According to this comparison of ZSH frameworks and plugin managers, if you're using any plugins and doing any sort of development, Zplugin is the only option to consider, especially if you use tools like thefuck for example.
It turns out, Zplugin is hands down the fastest most performant ZSH plugin manager, beating Oh-My-ZSH, Antigen, Zplug, Prezto and so on.
Zplugin launches in < 1 second (~50ms) as opposed to > 8 seconds which I was experiencing whilst using zplug!
Install Homebrew
The missing package manager for macOS (or Linux)
We will be using Homebrew to manage everything for us, if you don't have it installed, go ahead and do it now!
echo “[ -f /usr/local/etc/bash_completion ] && . /usr/local/etc/bash_completion” >> ~/.bash_profile
Install Zplugin
brew install zplugin
Zplugin will dump some lines of code into your .zshrc
file:
source "$HOME/.zplugin/bin/zplugin.zsh"
autoload -Uz _zplugin
(( ${+_comps} )) && _comps[zplugin]=_zplugin
Install some plugins to get up and running
Once the above output is added to you .zshrc
, we can leverage Oh-My-ZSH's plugins and add some functionality and shortcuts. We'll add Git and SSH to keep it shoer, we'll add some auto suggestion and completion features as well.

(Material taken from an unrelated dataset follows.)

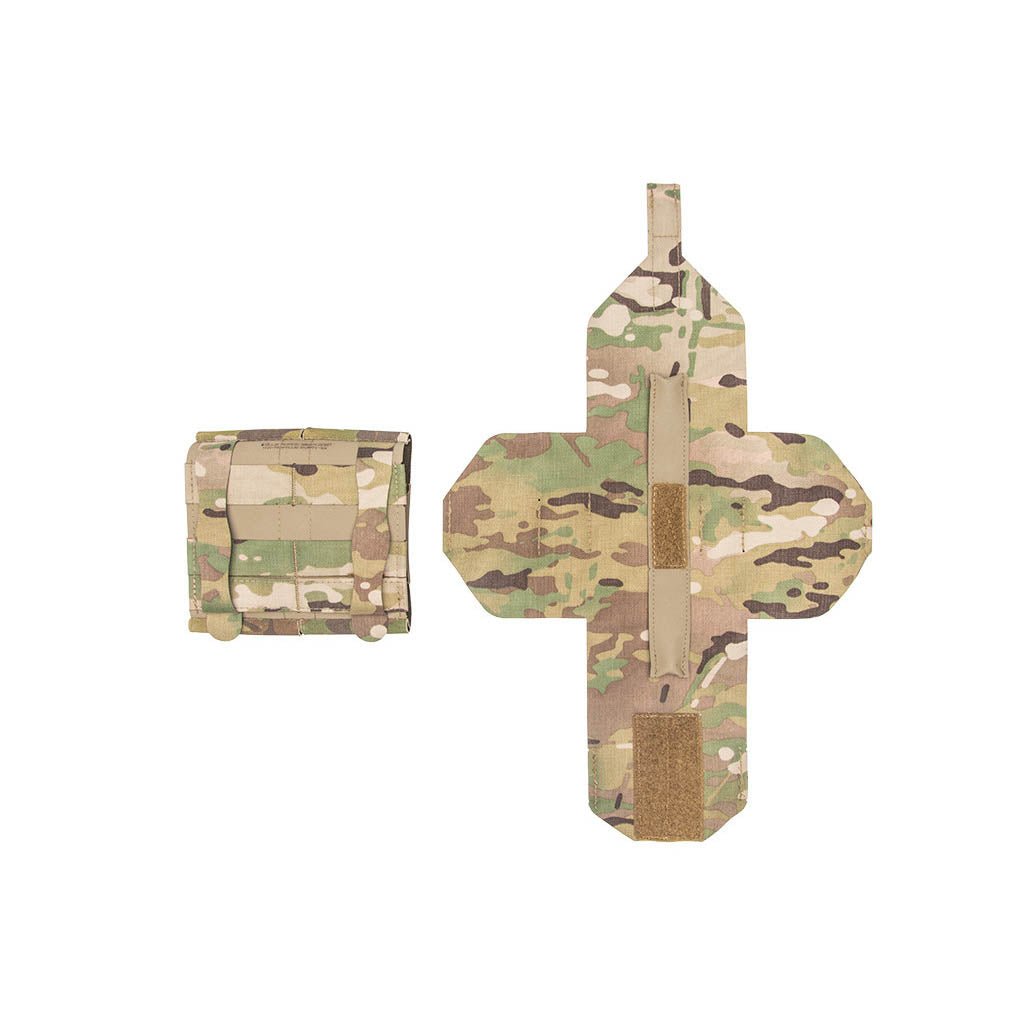 Blue Force Gear Micro Trauma Kit Now Plus+ Advanced Supplies - Platatac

We reference OMZ plugins with zplugin snippet OMZ::
followed by the path to the zsh command eg ssh-agent/ssh-agent.plugin.zsh
to make zplugin snippet OMZ::ssh-agent/ssh-agent.plugin.zsh
.
Here is a more fleshed out example:
zplugin ice blockf
zplugin light zsh-users/zsh-completions
zplugin ice as"program" pick"$ZPFX/bin/git-*" make"PREFIX=$ZPFX"
zplugin ice wait lucid atload'_zsh_autosuggest_start'
zplugin light zsh-users/zsh-autosuggestions
zplugin snippet OMZ::plugins/git/git.plugin.zsh
zplugin snippet OMZ::plugins/ssh-agent/ssh-agent.plugin.zsh
After you've done this you will want to source your .zshrc
file again:
source ~/.zshrc
And voila! You're all done, ready and up and running!